Content starts
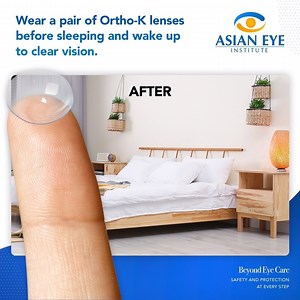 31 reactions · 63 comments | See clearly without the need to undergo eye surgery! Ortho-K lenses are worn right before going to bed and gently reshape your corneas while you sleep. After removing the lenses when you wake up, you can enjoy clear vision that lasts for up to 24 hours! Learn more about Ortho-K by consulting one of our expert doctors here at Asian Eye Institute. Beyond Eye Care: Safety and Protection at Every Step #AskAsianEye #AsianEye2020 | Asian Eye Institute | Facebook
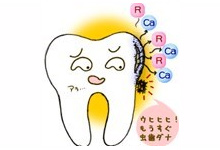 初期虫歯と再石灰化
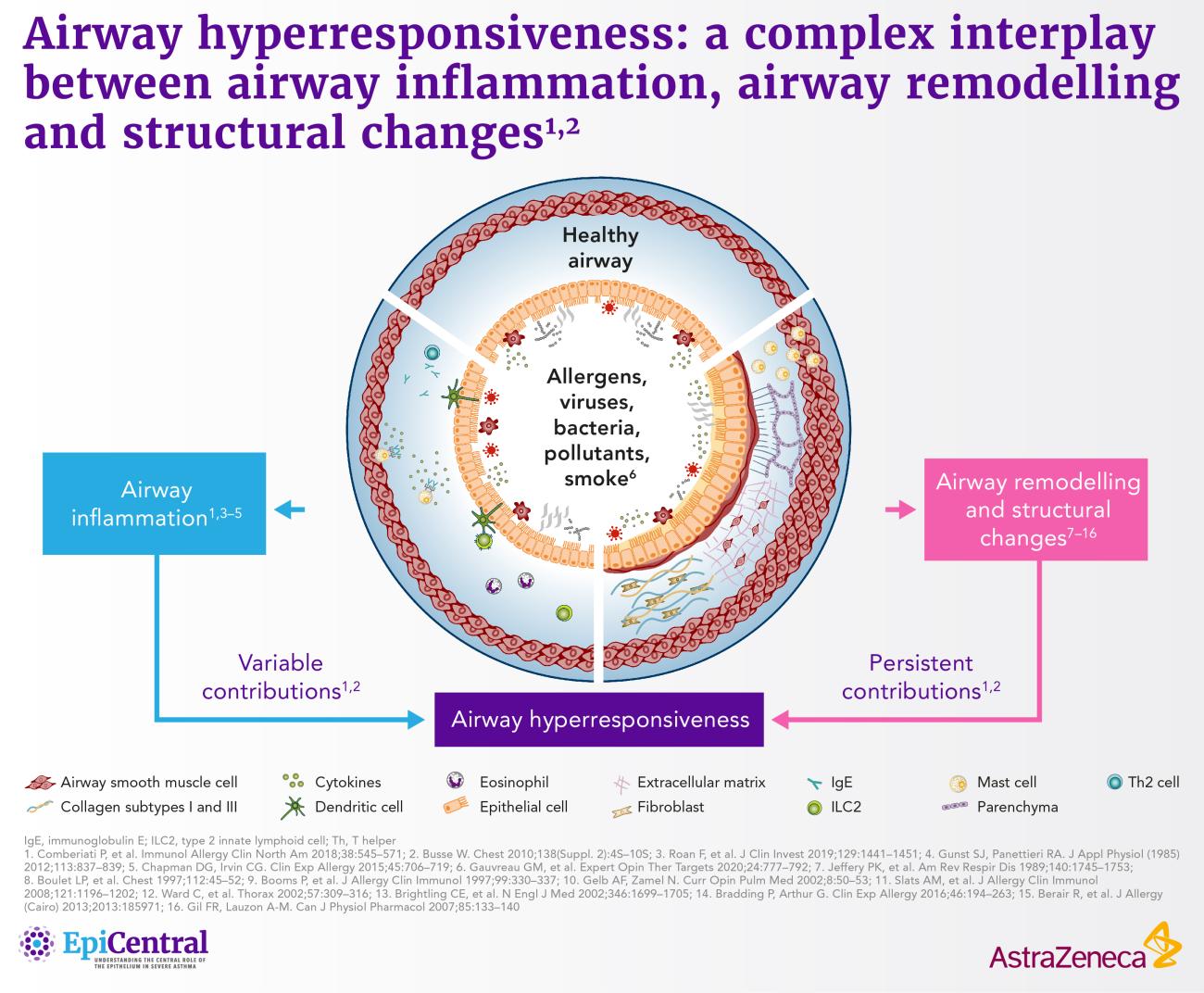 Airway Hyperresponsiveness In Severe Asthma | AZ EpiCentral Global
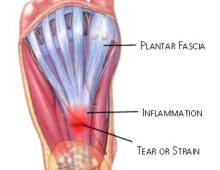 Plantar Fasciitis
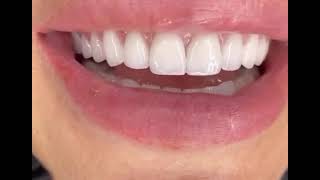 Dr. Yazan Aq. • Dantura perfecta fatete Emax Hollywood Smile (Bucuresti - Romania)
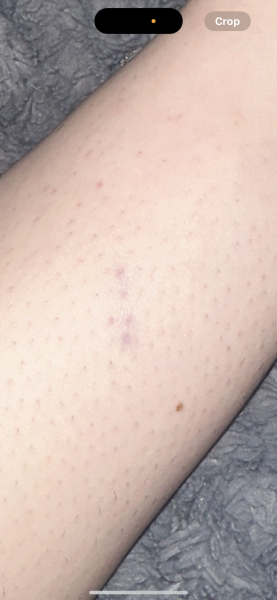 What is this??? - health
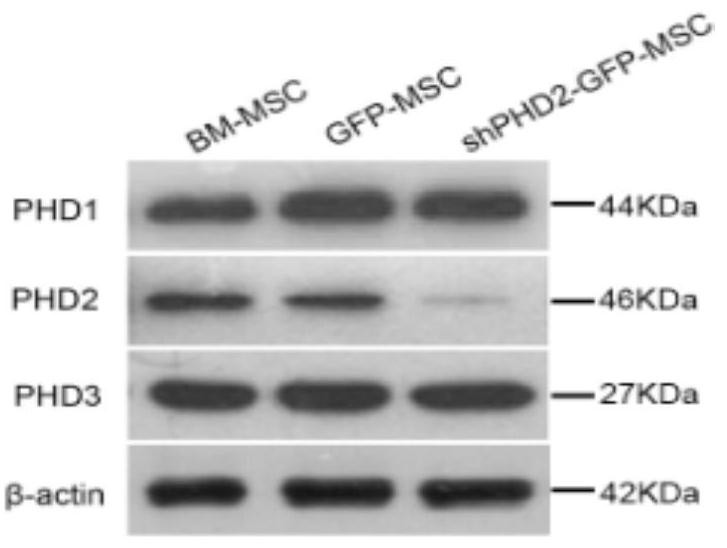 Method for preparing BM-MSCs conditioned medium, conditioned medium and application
Content ends
Content starts
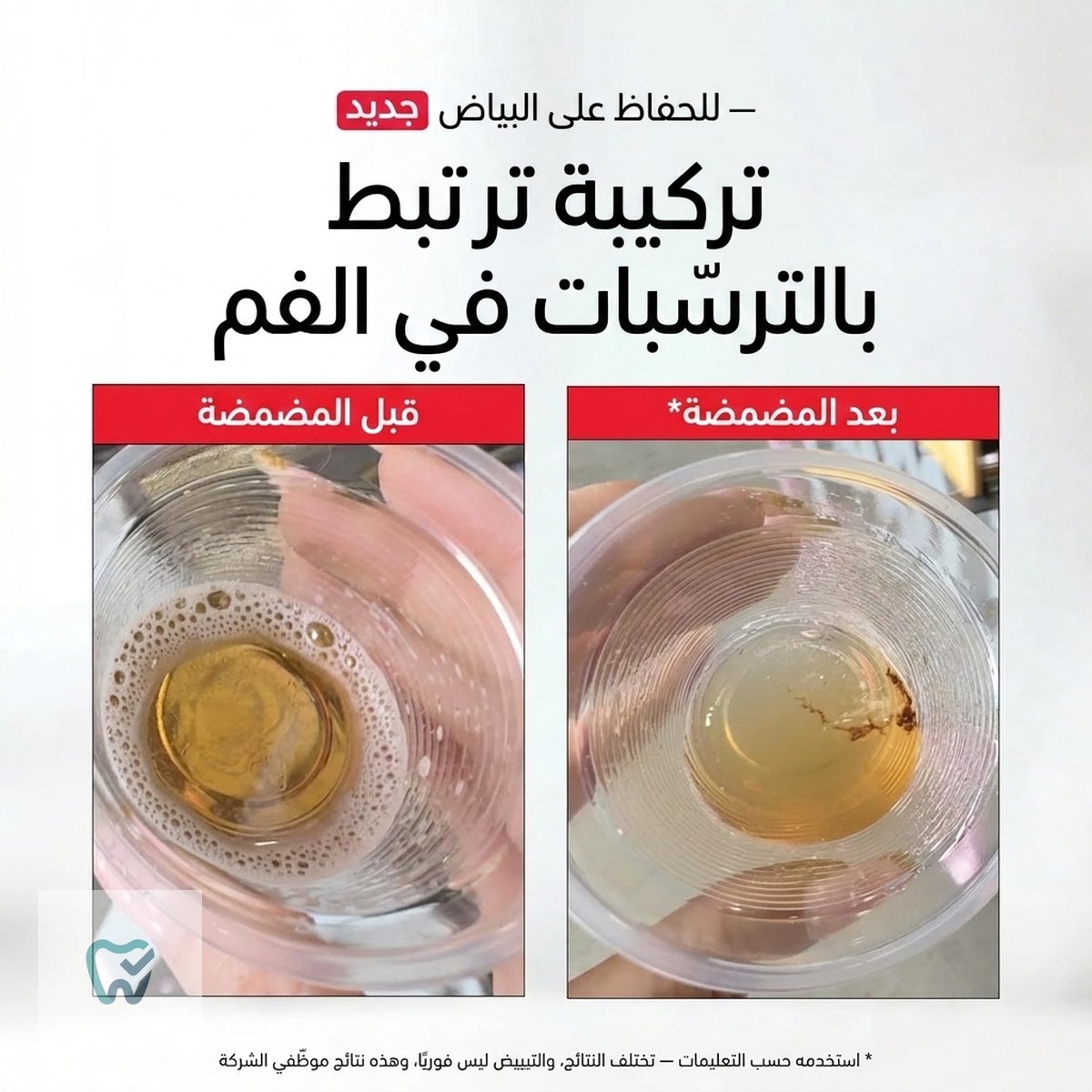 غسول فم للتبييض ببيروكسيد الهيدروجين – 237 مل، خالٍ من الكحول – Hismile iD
Content ends
» WORK ITEM: Looking above, find the stretch of lines that opens with the one holding "Plantar Fasciitis" and closes with the one holding "Method for preparing". Copy it exactly, pictures excluded.

» SOLUTION FOR THIS PROBLEM:
 Plantar Fasciitis
 Dr. Yazan Aq. • Dantura perfecta fatete Emax Hollywood Smile (Bucuresti - Romania)
 What is this??? - health
 Method for preparing BM-MSCs conditioned medium, conditioned medium and application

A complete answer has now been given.